Cargo Streetcar

Muni’s hunting for more revenue almost everywhere these days. Check out this video at about the two minute mark for an idea: cargo streetcars. Volkswagen moves parts to its Dresden factory on special cargo-carrying streetcars (trams to them). Maybe Muni could do the same…oh, wait, that’s right, we don’t have industry in San Francisco anymore. Never mind. 🙂
Thanks to MSR Member Roger Goldberg for the link.

Comments: 6

  1. We may not have industry in San Francisco, but if we thought that far out of the box we could. I’d rather have this transparent factory than that Irvine office park posing as a UC campus along third street. Isn’t amazing how quickly it happened, and how little we’ve noticed, but this sort of high tech thinking was what made America great, and now it’s all overseas! No jobs for cargo streetcars in that vision.

  2. …But Dresden didn’t have any industry in the center of town either. That is what’s so provocative about this factory – it was built within the urban core despite higher land values and wages. The freight tram is an ingenious solution to mitigate the traffic impact of this project. I wonder if it is truly profitable, or a loss leader? In either case, it is a big investment in urbanism.

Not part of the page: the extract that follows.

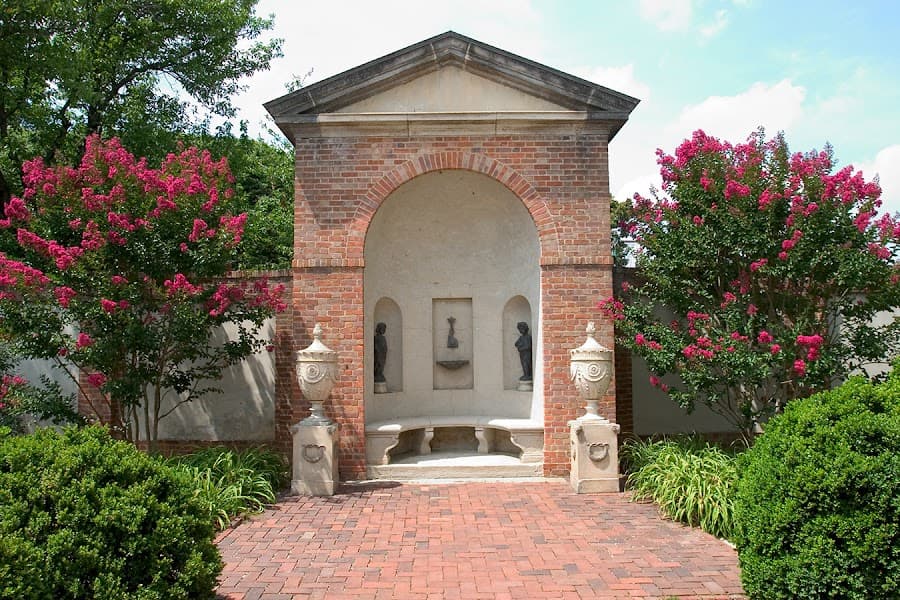 Dumbarton House thumbnail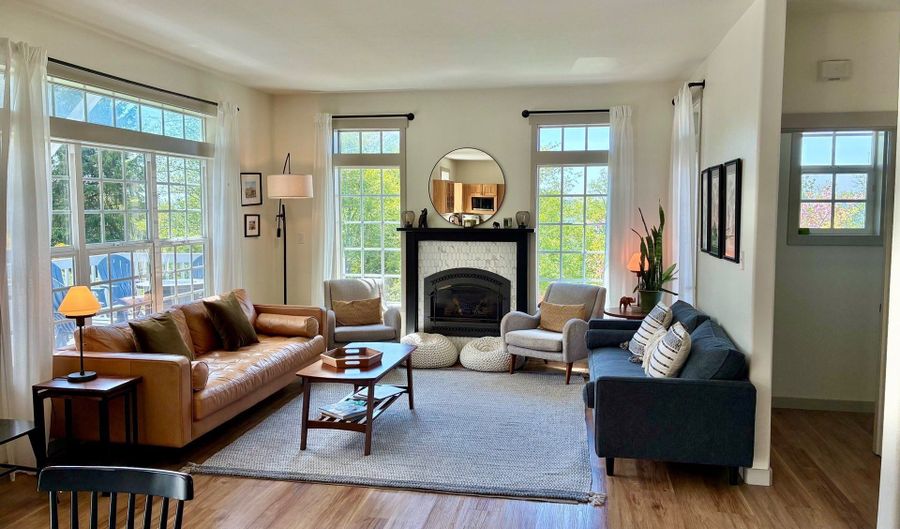 990 BRIDGE VIEW Ct, Astoria, OR 97103 - 4 Beds, 3 Bath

  3. According to “The White Front Cars of San Francisco” by Charles Smallwood, back in the pre-quake days, Market Street Railway ran trolley Railway Post Office cars, with clerks sorting mail while the car rolled down the street. United Railroads had a “horse car”–not powered by hayburners, it was an electric boxcar that carried the horses to Tanforan Race Track on the San Mateo interurban line (#40).
    I’ve read that in Argentina, the Quilmes brewery had a fleet of “beer wagon” trams that delivered beer to destinations along the tracks.

  4. It’s interesting and innovative in one sense. But in another, one could argue that it’s simply Less-than-Car-Load and Car-Load freight that used to be more prevalent. In either case, it’s certainly unique at this time.